Los camposantos son fascinantes, y este lo conozco como la palma de mi mano. Una mano algo delgada y huesuda, por cierto. Claro está que no gano tanto como cuando llevaba otra vida, pero da para mis gastos. Además, tampoco tengo tantos. Soy un tipo frugal.

Y listo. Gracias a mi portentosa memoria y simpar inteligencia deduzco que hoy llegará a mi sitio de trabajo un conocido al que hace mucho que no tengo el gusto de saludar. Casi de noche aparece acompañado de quien, supongo, es su actual pareja. Un moreno bien vestido y con el pelo engominado. No es mi tipo, y nunca imagine que fuera el suyo. No soy un hombre celoso. Solo me sorprendo de las vueltas que da la vida.

—¿Puedo ofrecerles un tour guiado por este sagrado lugar?

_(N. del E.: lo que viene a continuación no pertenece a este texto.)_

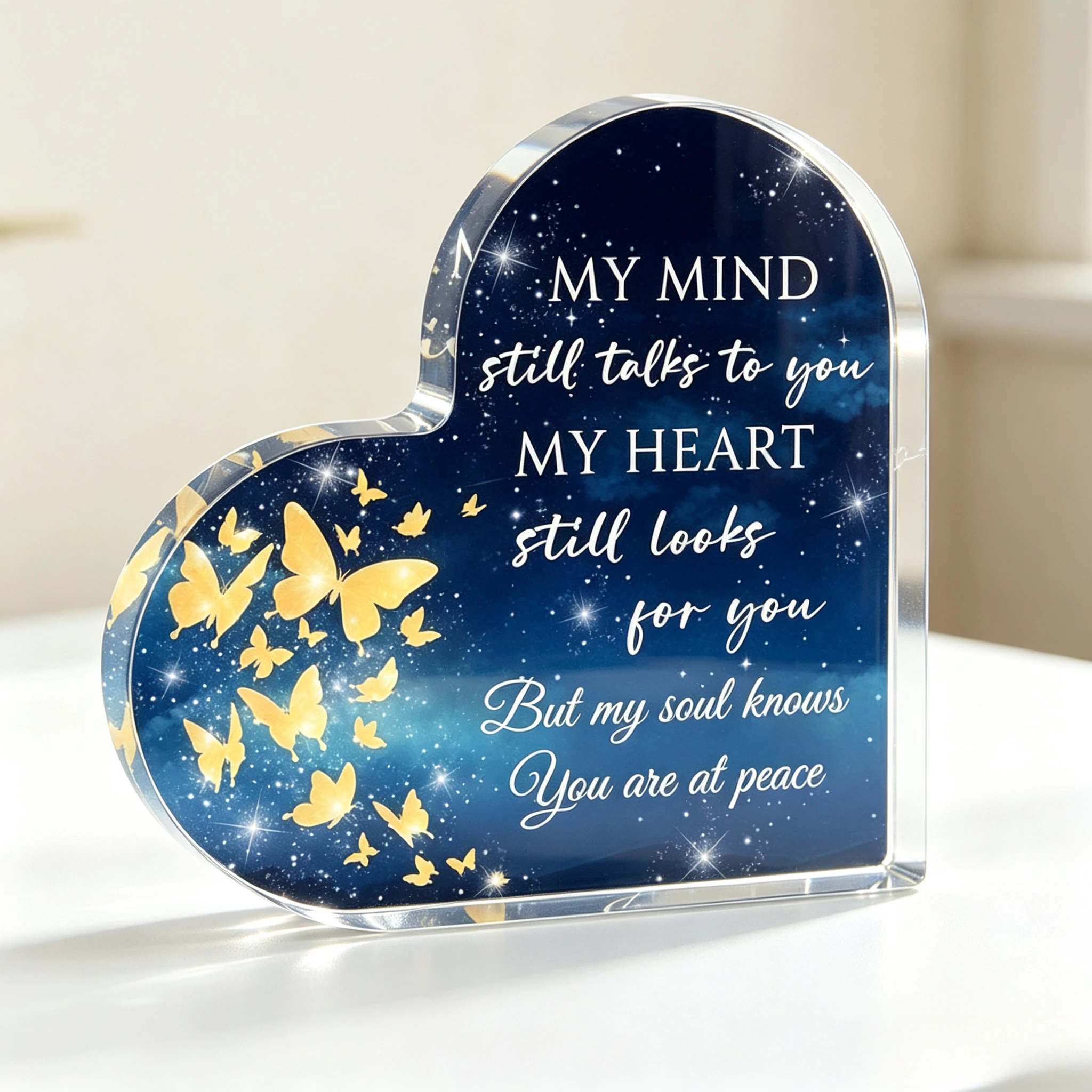 My Mind Still Talks To You Heart‑Shaped Acrylic Memorial Tabletop Plaque, Golden Butterfly Starry Sky Condolence Desk Decor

Les abordo en cuanto pasan por la portezuela. Ambos se resguardan bajo el mismo paraguas. Qué idiotez. Lleva todo el día lloviendo sin parar y es mucho más práctico que cada uno lleve el suyo. No veo el romanticismo en que uno se cale la mitad derecha del cuerpo y que el otro se empape la mitad izquierda.

—No, gracias —contesta de manera educada aunque pone una mueca de asco. No me ha reconocido. El pelo y las uñas largas, la delgadez… Imagino que no puedo culparlo.

—Hoy hago descuentos a las parejas de enamorados —insisto—. Por ser San Valentín.

—Venimos a visitar al padre de mi marido. Si nos disculpa... —Apretaron el paso hasta dejarme atrás.

No sé si fue el tono, o que contestará aquel maniquí engreído, pero no puedo contenerme.

—¡Entonces, dad recuerdos a Francisco!

Los dos giran sobre sus talones.

—¿Cómo se atreve? —El chulo de gimnasio da dos pasos hacia mí—. ¿Cómo sabe el nombre de mi suegro?

—¿Eres tú, Pedro? —¡Por fin!— ¿Cómo es posible, tras aquel accidente? —Sin duda guardo algo de mi atractivo bajo estas sucias ropas—. Esas llagas en la cara, esa cojera… ¿Qué te ha pasado?

—La vida. —Echo a correr hacia ellos.

Salto sobre el pecho del musculitos y los dos caemos al suelo. Abro la boca de manera imposible y le enseño mis filas de dientes desiguales. Emito un ruido atroz. Se zafa de mí, justo como yo quería, y enfila hacia la salida, asustado como el niñato que es.

—¿Qué eres? —El amor de vida llora inmóvil.

—El honrado guía del cementerio. Vivo aquí. —Me acerco a su cuello, lo huelo y lo muerdo, atravesando carne y músculo—. Y, ahora, tú también.